** Opening Records to process block **

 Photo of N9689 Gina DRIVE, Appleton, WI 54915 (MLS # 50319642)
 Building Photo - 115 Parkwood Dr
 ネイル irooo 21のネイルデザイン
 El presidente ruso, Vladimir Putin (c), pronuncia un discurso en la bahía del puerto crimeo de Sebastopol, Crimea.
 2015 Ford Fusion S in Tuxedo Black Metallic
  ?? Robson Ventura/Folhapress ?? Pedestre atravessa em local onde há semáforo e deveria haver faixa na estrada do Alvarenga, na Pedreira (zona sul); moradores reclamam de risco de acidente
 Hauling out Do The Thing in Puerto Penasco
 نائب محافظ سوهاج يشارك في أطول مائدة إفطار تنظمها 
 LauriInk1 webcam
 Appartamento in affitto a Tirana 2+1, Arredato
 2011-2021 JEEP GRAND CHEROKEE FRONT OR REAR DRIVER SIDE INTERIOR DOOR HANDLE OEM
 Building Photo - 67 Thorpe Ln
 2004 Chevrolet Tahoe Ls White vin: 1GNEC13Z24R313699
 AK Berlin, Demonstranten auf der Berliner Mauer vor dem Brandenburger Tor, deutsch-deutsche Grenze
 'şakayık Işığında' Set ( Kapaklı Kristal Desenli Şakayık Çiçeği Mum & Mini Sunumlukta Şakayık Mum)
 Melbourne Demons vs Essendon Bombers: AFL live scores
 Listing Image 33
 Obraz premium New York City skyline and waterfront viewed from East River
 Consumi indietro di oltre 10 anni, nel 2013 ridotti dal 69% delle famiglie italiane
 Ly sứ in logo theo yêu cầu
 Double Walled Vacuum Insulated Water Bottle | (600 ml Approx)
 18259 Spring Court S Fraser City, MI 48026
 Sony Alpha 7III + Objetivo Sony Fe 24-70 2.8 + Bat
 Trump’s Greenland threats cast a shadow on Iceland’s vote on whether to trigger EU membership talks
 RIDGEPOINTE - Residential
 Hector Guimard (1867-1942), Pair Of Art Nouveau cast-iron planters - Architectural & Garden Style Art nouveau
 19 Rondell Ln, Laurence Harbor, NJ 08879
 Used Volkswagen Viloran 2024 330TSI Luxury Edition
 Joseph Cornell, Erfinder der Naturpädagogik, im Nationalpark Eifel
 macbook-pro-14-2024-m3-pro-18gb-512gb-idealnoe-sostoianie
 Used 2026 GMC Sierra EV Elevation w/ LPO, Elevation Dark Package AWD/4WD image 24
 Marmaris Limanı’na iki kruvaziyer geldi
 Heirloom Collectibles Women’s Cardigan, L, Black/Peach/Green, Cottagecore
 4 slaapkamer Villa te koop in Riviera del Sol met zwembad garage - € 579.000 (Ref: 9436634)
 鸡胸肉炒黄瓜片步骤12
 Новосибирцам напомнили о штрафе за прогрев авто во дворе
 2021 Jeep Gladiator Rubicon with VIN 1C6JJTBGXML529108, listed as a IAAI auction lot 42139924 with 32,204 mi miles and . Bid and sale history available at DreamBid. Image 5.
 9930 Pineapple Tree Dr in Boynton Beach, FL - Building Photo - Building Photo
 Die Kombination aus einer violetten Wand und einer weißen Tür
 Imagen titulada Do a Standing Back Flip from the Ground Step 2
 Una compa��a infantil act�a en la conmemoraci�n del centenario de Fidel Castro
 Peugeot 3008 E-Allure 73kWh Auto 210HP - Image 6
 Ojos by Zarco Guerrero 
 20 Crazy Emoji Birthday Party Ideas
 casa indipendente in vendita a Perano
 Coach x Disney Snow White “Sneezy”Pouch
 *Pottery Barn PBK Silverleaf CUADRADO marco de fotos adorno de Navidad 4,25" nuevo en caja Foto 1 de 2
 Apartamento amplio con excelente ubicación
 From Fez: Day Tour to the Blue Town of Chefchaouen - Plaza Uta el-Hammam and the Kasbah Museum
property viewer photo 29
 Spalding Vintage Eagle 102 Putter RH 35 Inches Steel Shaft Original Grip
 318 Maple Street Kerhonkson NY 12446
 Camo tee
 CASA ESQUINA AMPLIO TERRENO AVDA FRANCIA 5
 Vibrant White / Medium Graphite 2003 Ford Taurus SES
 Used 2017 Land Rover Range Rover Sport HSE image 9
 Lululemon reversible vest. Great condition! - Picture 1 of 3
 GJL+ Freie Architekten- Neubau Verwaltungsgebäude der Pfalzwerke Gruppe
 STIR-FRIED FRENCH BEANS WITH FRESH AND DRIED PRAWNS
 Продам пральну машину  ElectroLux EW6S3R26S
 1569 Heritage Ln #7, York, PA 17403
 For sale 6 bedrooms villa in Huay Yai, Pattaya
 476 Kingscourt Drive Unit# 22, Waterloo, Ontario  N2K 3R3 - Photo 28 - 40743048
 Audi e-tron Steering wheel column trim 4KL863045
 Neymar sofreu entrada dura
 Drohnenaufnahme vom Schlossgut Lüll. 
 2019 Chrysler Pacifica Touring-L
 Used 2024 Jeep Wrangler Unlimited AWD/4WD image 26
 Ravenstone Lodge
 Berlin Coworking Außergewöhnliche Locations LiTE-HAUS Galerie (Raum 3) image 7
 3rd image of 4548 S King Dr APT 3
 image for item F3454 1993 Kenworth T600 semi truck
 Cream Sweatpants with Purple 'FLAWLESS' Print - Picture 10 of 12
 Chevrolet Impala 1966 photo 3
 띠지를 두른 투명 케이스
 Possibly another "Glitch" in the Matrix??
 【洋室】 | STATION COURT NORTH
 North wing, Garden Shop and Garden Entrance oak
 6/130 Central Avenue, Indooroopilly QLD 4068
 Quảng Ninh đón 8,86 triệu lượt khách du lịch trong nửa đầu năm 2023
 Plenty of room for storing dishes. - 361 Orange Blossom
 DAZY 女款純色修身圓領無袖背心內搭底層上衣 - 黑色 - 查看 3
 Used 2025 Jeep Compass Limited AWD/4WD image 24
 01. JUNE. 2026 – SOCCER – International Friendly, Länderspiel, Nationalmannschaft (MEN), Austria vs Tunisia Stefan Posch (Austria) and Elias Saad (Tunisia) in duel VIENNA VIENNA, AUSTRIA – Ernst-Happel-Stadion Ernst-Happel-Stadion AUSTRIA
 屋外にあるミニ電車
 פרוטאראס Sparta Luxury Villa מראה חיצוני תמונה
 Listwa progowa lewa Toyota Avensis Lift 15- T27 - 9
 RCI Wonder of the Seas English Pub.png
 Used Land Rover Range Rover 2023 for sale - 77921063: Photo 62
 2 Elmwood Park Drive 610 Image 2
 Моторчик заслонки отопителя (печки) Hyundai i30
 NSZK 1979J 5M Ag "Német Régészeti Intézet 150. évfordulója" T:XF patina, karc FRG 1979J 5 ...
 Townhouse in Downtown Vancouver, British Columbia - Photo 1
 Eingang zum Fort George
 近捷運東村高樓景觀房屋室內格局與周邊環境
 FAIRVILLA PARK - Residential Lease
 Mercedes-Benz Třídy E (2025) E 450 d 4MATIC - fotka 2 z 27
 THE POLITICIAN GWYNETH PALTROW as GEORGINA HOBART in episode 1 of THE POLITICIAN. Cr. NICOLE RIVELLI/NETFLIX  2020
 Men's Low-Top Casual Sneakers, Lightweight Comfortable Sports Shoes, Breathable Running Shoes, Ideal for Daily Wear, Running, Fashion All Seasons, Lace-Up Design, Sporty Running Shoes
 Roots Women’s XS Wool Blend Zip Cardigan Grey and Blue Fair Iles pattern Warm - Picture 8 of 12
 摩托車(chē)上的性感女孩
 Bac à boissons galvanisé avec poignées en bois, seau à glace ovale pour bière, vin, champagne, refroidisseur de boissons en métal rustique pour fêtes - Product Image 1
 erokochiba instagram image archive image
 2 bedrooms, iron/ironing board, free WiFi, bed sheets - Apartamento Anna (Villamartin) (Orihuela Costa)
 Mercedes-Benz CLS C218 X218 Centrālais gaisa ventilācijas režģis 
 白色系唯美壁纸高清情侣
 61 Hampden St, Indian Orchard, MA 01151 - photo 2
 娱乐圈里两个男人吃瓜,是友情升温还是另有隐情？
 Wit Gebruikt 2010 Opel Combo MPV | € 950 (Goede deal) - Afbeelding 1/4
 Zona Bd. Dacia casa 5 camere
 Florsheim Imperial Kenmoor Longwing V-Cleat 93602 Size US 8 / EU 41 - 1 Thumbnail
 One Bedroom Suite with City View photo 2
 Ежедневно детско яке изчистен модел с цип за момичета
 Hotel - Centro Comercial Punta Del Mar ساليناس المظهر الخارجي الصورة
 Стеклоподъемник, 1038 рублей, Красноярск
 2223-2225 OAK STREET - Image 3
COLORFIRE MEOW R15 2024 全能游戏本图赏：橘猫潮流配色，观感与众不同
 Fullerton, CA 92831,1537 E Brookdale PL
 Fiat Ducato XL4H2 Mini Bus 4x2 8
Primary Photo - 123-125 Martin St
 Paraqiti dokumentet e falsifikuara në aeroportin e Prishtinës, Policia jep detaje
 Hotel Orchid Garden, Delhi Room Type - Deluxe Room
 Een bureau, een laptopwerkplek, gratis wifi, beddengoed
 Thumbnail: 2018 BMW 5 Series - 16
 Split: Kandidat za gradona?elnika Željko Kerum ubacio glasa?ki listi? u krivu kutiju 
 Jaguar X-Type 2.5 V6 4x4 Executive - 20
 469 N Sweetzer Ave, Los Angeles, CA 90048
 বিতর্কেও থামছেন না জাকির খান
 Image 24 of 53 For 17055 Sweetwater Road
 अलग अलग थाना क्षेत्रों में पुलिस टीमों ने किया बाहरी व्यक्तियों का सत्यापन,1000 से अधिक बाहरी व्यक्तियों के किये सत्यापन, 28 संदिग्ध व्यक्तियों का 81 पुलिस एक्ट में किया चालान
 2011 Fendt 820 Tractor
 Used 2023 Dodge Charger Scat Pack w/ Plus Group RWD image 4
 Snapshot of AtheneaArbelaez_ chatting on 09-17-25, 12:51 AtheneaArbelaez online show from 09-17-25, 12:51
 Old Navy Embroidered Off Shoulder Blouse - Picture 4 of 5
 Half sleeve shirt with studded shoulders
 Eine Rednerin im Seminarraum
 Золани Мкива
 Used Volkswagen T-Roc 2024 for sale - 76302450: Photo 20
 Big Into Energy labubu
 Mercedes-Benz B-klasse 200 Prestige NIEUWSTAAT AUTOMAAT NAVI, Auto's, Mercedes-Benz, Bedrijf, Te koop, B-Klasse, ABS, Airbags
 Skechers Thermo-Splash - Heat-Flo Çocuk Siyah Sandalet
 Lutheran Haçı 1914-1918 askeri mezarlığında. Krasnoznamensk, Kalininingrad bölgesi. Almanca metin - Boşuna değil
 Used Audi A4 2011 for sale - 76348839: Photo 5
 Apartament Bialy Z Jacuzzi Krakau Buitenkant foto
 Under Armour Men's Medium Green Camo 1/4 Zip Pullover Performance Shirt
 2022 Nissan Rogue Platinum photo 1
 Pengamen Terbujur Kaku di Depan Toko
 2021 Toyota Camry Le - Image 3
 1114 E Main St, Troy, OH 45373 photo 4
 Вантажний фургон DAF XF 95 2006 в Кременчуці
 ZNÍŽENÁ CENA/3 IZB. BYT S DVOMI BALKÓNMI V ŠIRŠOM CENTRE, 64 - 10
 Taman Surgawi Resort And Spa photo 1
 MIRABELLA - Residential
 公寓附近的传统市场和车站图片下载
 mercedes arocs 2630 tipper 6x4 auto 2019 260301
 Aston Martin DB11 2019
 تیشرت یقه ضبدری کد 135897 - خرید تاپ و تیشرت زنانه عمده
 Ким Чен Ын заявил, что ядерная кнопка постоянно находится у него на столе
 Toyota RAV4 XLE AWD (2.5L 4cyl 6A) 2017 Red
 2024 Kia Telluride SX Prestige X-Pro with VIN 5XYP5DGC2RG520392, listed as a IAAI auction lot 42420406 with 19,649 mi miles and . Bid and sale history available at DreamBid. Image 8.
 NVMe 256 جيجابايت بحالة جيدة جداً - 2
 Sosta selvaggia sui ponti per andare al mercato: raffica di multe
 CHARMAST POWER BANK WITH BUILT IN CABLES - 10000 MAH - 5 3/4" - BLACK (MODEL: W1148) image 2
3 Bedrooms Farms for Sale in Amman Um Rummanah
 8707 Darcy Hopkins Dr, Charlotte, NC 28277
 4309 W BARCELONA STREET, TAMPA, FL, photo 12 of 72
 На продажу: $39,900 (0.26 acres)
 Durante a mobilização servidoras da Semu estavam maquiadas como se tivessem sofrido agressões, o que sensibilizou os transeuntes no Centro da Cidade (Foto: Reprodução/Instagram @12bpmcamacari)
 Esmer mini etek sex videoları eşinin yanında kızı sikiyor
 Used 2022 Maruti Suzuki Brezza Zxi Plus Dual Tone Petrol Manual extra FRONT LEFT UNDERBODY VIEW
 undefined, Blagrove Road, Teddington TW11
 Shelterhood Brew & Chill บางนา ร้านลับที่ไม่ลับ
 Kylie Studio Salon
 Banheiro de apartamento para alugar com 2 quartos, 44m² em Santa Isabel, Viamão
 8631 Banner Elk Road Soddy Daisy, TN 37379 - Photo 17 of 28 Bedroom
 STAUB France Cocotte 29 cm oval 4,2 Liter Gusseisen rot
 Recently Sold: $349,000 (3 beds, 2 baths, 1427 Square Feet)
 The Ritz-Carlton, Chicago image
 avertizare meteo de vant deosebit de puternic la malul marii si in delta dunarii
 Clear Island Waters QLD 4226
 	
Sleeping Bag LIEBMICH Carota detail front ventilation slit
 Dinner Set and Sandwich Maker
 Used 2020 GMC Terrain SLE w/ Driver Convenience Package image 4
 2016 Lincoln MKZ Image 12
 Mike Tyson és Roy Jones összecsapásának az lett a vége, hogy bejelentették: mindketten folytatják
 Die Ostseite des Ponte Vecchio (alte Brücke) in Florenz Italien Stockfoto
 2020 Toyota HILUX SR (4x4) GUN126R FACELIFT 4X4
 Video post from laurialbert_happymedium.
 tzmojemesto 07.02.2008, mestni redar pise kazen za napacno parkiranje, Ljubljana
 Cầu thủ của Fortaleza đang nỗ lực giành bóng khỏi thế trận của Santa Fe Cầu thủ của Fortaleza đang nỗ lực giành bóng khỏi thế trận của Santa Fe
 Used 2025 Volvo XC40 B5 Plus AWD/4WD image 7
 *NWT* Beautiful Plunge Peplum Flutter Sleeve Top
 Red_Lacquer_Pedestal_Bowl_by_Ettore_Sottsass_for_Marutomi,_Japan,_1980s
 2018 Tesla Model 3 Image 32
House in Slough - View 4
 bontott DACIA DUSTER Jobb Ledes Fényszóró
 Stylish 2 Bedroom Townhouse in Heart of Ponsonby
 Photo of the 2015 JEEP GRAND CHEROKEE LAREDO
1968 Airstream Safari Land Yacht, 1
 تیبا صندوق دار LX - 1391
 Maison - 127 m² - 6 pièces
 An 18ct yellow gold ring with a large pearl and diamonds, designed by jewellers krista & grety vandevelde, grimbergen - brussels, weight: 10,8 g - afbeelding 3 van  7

** Closing Records to process block **

### [To do]
Up to and including the line with "2015 Ford Fusion S in Tuxedo Black Metallic", restate the records above word for word from the very first line.

### [Exercise output]
 Photo of N9689 Gina DRIVE, Appleton, WI 54915 (MLS # 50319642)
 Building Photo - 115 Parkwood Dr
 ネイル irooo 21のネイルデザイン
 El presidente ruso, Vladimir Putin (c), pronuncia un discurso en la bahía del puerto crimeo de Sebastopol, Crimea.
 2015 Ford Fusion S in Tuxedo Black Metallic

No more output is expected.